The Term Sheet contains the following terms: –
Clauses which are generally non-binding until unless expressly stated in the Term Sheet
|Recital||Recital state the name, execution date, purpose of the transaction, prospect parties, and occasionally contain statement reciting the binding clauses of the document.|
|All the information related to the targeted company, i.e., the name, value, investor involved in the potential agreement along with the list of holding and subsidiary companies are given.|
|Type of securities offered||Sometimes the TS contains the type of securities offered to the investor. i.e. equity share or preference share. Further, any other form of security purchased by the investors is also included.|
|Valuation||Valuation provides an estimate of what the company is worthy of as an investment opportunity|
|Board of directors
|This clause shows the investor’s representation in the company’s Board of Directors and shows the proportion of seats under the investor’s control. Further, it shows whether the investor is a voting or non-voting member|
|Proposed transaction||This clause states the investment amount which the investor proposes to invest along with the post-investment shareholding pattern of the company.|
|Liquidation||The liquidation clause states the mode of liquidation the company wants to opt for, the investor can choose to opt for IBC or some other mode.|
|Exit mechanism||The right to exit is equally important for the investor along with the right to entry. Thus, the exit mechanism in the TS provides for the ways the investor can exit from the company. The exit mechanism includes varieties of options which investors can choose:
A) Initial public offering
B) strategic sale of equity shares
C)Drag along option
|Purchase price||This clause shall include the initial purchase price, preferred payment mode, any elements which are not part of the purchase price.|
|Voting rights||Some companies choose to include a term for the voting rights in the TS to explain, how much the company’s direction is overseen by investors and to determine the amount of interference that can be done by the investor, whether they have the voting right or not. This clause is important to see on what critical matter the investors have a say.|
Clauses that are generally binding in the Term Sheet.

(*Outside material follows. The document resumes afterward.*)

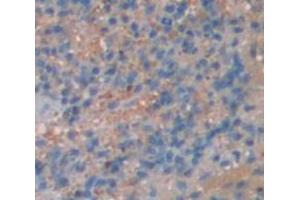 IHC-P analysis of Mouse Tissue, with DAB staining. (ITK 抗体  (AA 368-625))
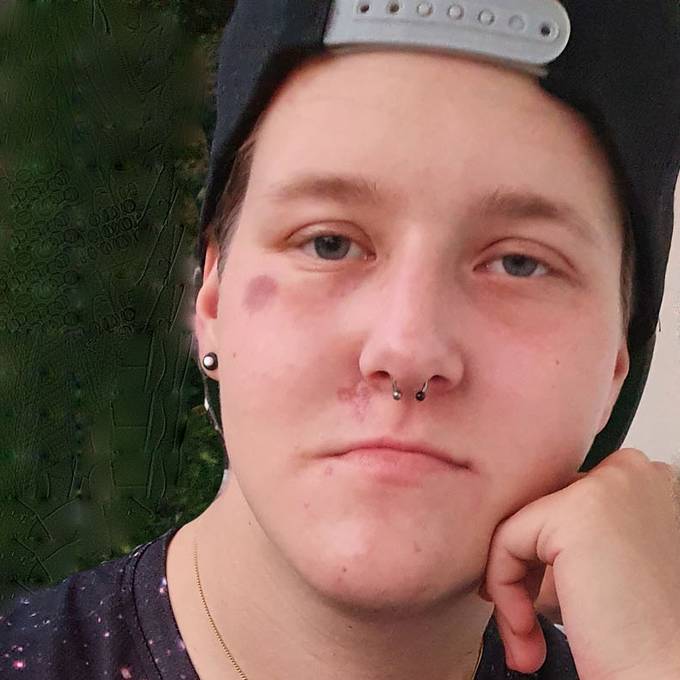 21-Jährige aus Adligenswil wird vermisst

|Confidentiality||It prohibits the parties to disclose the term of discussion and other important facts out in the public domain, as it may influence the share price and may impact the overall market. Sometimes companies prefer to make detailed non-disclosure agreements (NDA), this depends on the industry-specific.|
|Exclusivity period||This clause works as a safeguard to the interest of buyer and seller where the company and its promoter after signing the TS are restricted for 30-90 days to discuss or negotiate with any other third party. Thus, this clause gives due importance to the interest of buyers who meanwhile incur expenses to conduct due diligence.|
|Dispute resolution||This clause states the choice of mode parties want to opt to resolve the dispute.|
The Term Sheet can be binding or non-binding but usually, it is not binding except for certain clauses, which are specifically stated to be binding. The binding nature of the Term Sheet shall be determined by two factors such as the intention of the parties along with the totality of circumstances and conduct of party. Phrases such as ‘non-binding and unenforceable’ can be used by the parties to indicate their intention of the non-binding nature of the Term Sheet. The supreme court of India emphasis upon action of parties and if the action reflects meeting of mind, then the contract is considered to be binding. The Tribunal in a dispute between OYO and Zostel awarded the Term Sheet to be a binding document despite being clearly stated as non-binding in the preamble of Term Sheet, as the parties by its conduct showed their intention to conclude the transaction, which shows that parties waved the non-binding condition of the Term Sheet. Therefore, the conduct which shows the intention of the parties is more important than the language used in the Term Sheet and it should not contain closing obligation, fulfilment of it convert the non-binding to binding document. The supreme court observed the Term Sheet does not denote the binding relationship between the parties but while interpreting it during a dispute, the total circumstances have to be seen and the Term Sheet is binding only if the intention to bind is crystal clear from the Term Sheet.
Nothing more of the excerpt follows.